▶ ASSIGNED TASK: Could you retype all of the records exactly, leaving out every picture?

▶ GIVEN INFORMATION:

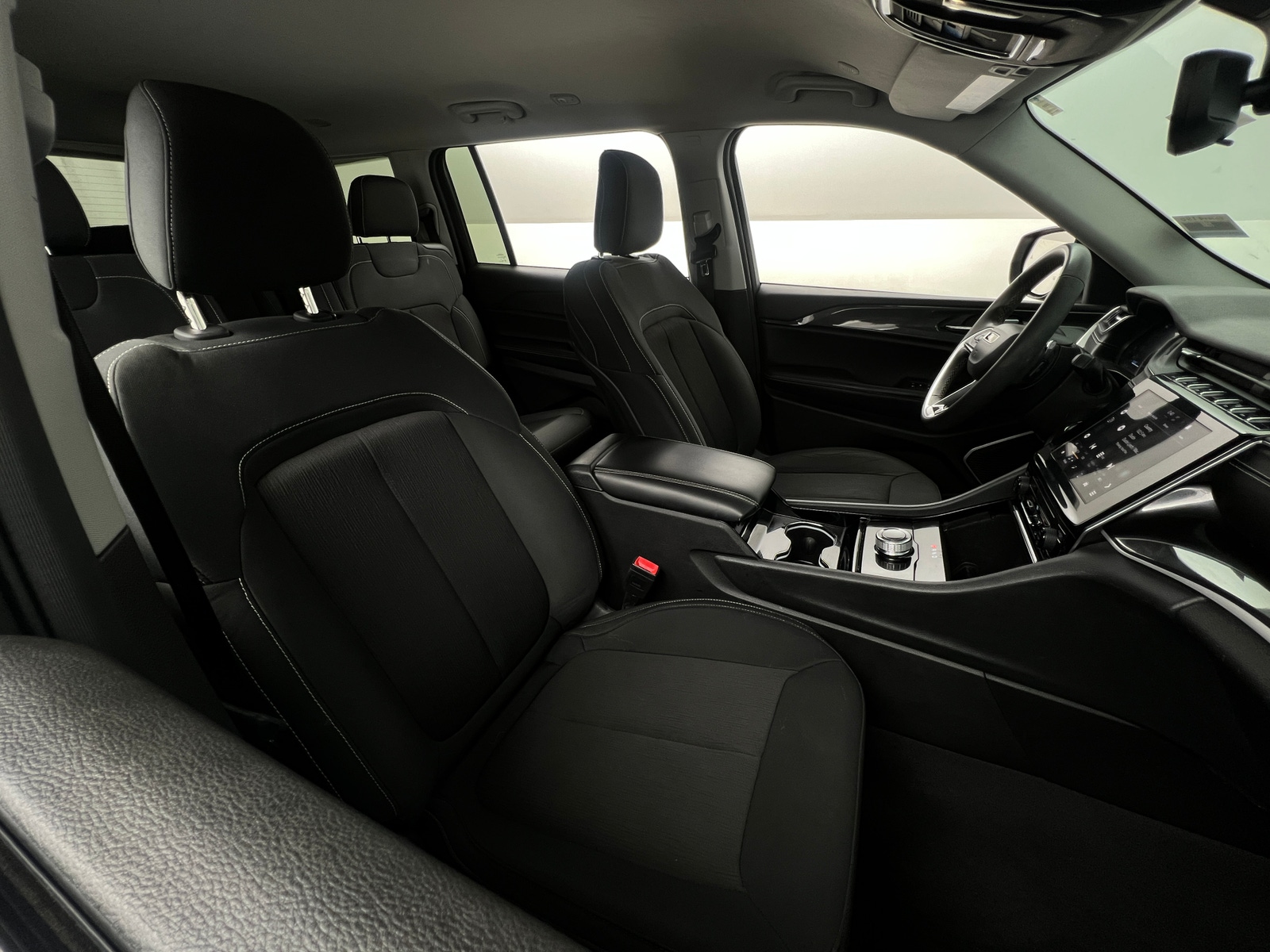 Thumbnail: 2022 Jeep Grand Cherokee L - 2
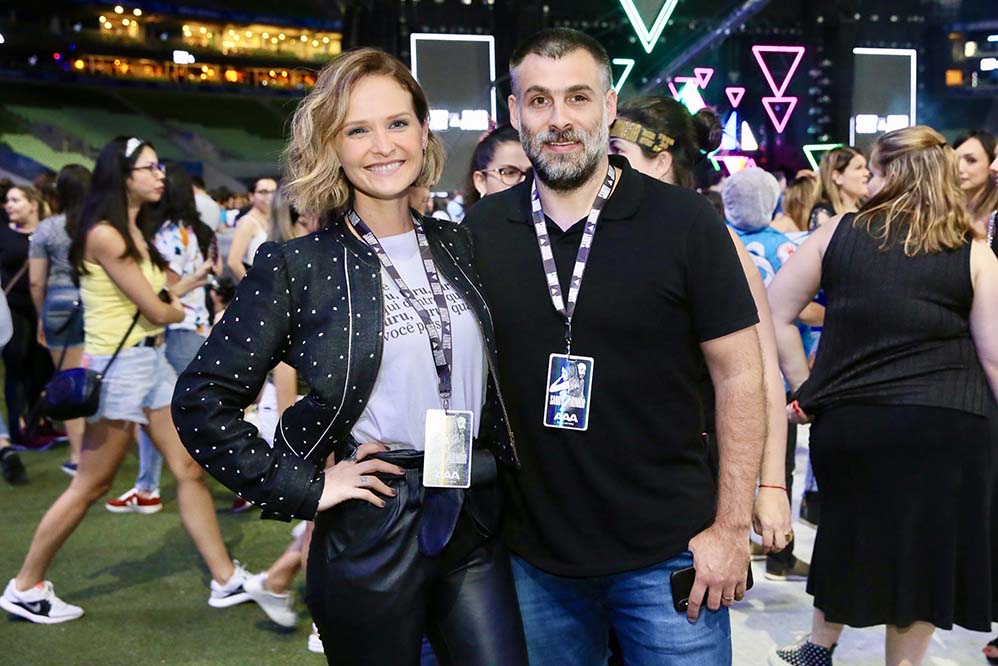 Fernanda Rodrigues com o marido Raoni Carneiro durante o show de Sandy e Junior, no Allianz Parque.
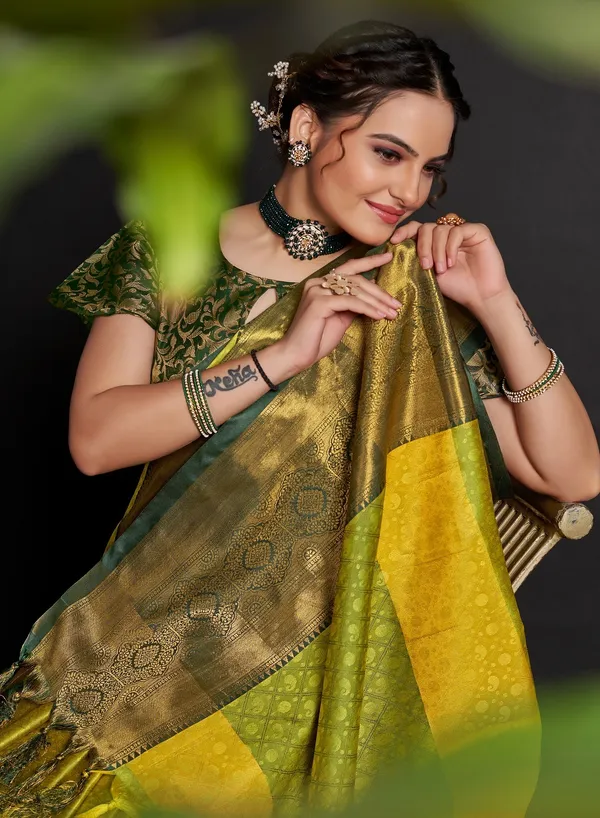 Green_Cotton_Silk_Woven_Kanjivaram_Saree_With_Unstitched_Blouse_For_Women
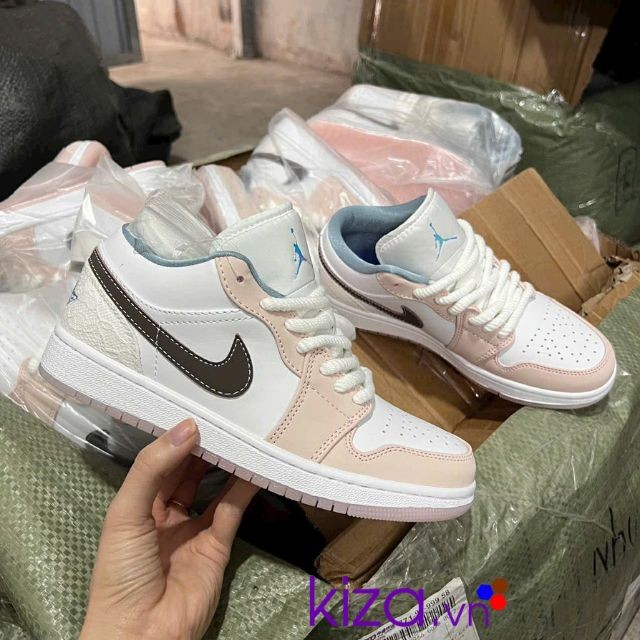 Giày nike nữ jordan mocha pink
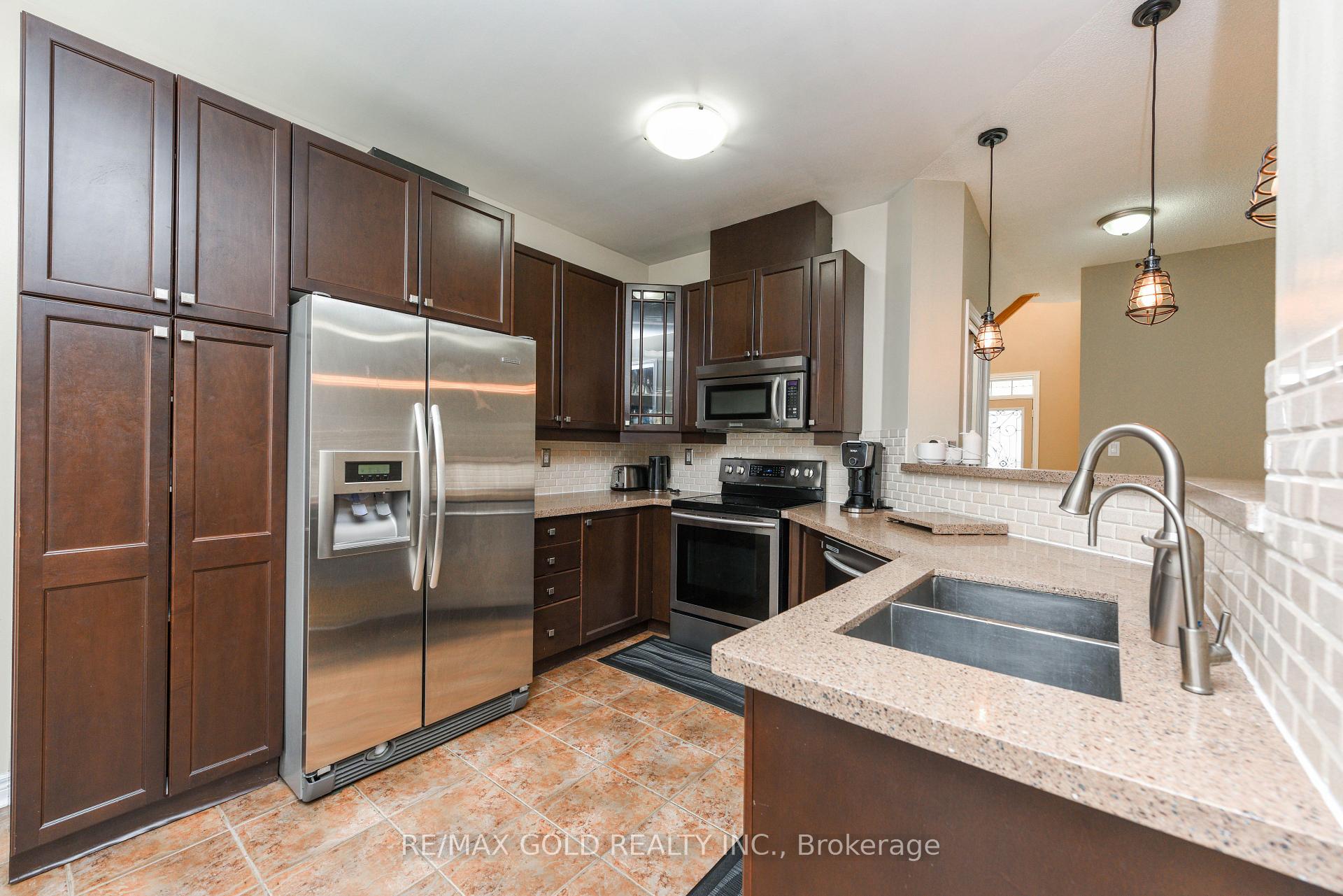 Photo 9 of 35 Amaranth Crescent, Brampton, Northwest Sandalwood Parkway — HOMEH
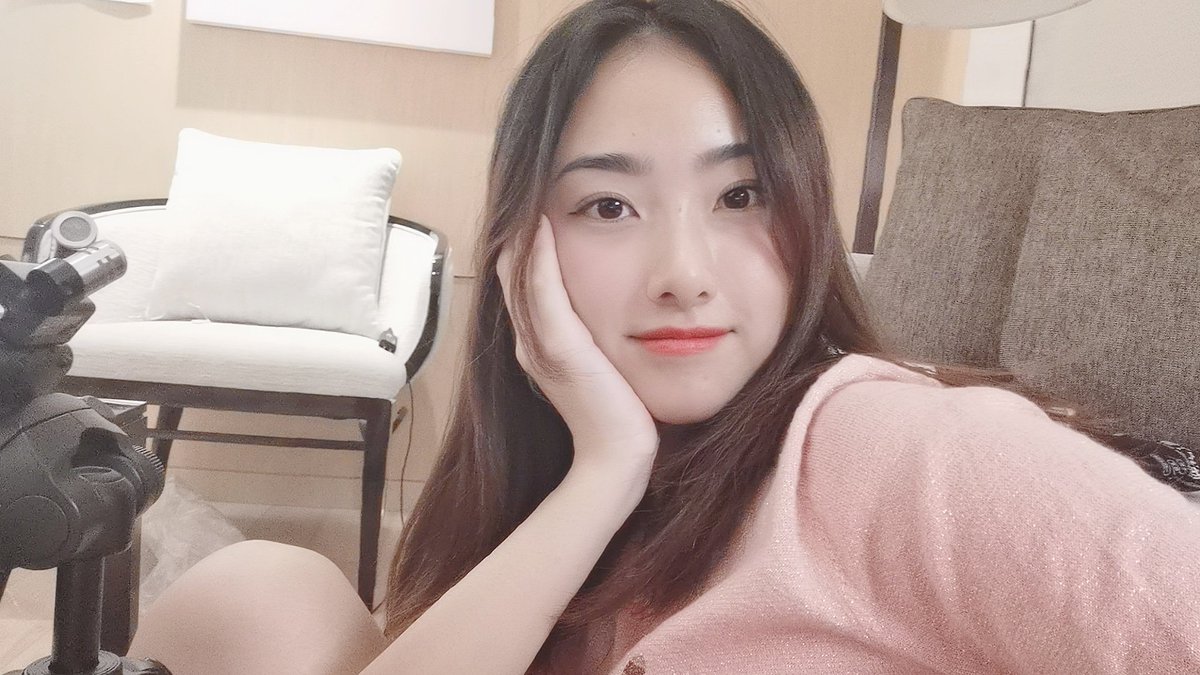 AsmrRumeng's tweet photo. making new #asmrvideo 😘 #rumengasmr #asmr #slime #slimeasmr #slimetutorial #slimevideo #slimepressing #slimey #slime❤️ #slimer #slimes #satisfying #satisfyingvideos #satisfy https://t.co/KyFrEYMjTX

▶ EXERCISE SOLUTION:
 Thumbnail: 2022 Jeep Grand Cherokee L - 2
 Fernanda Rodrigues com o marido Raoni Carneiro durante o show de Sandy e Junior, no Allianz Parque.
 Green_Cotton_Silk_Woven_Kanjivaram_Saree_With_Unstitched_Blouse_For_Women
 Giày nike nữ jordan mocha pink
 Photo 9 of 35 Amaranth Crescent, Brampton, Northwest Sandalwood Parkway — HOMEH
 AsmrRumeng's tweet photo. making new #asmrvideo 😘 #rumengasmr #asmr #slime #slimeasmr #slimetutorial #slimevideo #slimepressing #slimey #slime❤️ #slimer #slimes #satisfying #satisfyingvideos #satisfy https://t.co/KyFrEYMjTX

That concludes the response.